As a music fan, I’m just not that into country. But as a journalist, dedicated to telling stories about individuals, their lives, and the forces that affect people, most other music just lets me down.
Sure, it’s great to rock out to a song filled with power chords, or turn the lights low and groove to some acid jazz, but what about listening to a real, human story? Going to a place where it’s not out of line to plead for social justice, like Garth does in “Face to Face” or the Dixie Chicks in “Goodbye Earl?”
Musicians are forever claiming that their lyrics draw on their life experiences, but the truth is, even most folk singers write fiction. When I’m looking for a true story, with a toe-tapping score, a plot, characters, conflict, and — sometimes — resolution, all set to music, I’m looking for one thing: country.
I don’t know anything about Portland’s country scene, but I just know there has to be one. Walking along Spring Street a while back when Kenny Chesney was in town, I could barely make my way against the tide of humanity flowing into the Civic Center. Switching radio stations all around the dial, I land on country a lot. There must be hat-and-boot-clad locals singing their hearts out hereabouts.

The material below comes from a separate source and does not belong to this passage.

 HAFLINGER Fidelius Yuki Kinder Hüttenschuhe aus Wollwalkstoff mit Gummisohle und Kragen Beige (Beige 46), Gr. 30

So where the hell are they?
It’s a short ride for me, but plenty of folk seem to come a long way to the most obvious place for country, Austin’s Boot & Buckle Saloon out on Warren Avenue. Country DJs, line dancing with a caller, plenty of space, and an all-country-artist jukebox ranging from the classics like Johnny Cash to newer stars like Faith Hill. (Plus bras hanging from the rafters, pool, and cheap beer specials! Who can argue?) Keep an eye on the bullriding and NASCAR schedules, though — last weekend’s line-dancing class was canceled to avoid conflicting with the Daytona 500.
Austin’s Boot & Buckle draws all ages, from grooving 20-somethings to quick-stepping oldsters, and is conveniently located just off I-95 for folks coming from rural areas off Portland’s peninsula. And they come from all over — Waterboro, Harrison, and Naples were town names on bumper stickers of pickups and wagons in the lot.
But while the crowds will pack in for line dancing and DJs, the bands didn’t git ’r done. Austin’s owner Deb DiLuisa says live music didn’t draw as well as she had hoped, and after a year of having bands at least some nights, she has canceled all the live gigs she had planned in 2006.
“It’s unfortunate,” DiLuisa says. She had started with a band once a month, someone like the Debbie Myers Band, and when that didn’t get as many people in the door as DiLuisa needed, she stepped shows up to every other week, hoping the increased regularity would help. “That didn’t work either.” DiLuisa says the $5 cover might have been a barrier for folks, though $2 and $3 covers are common at Austin’s.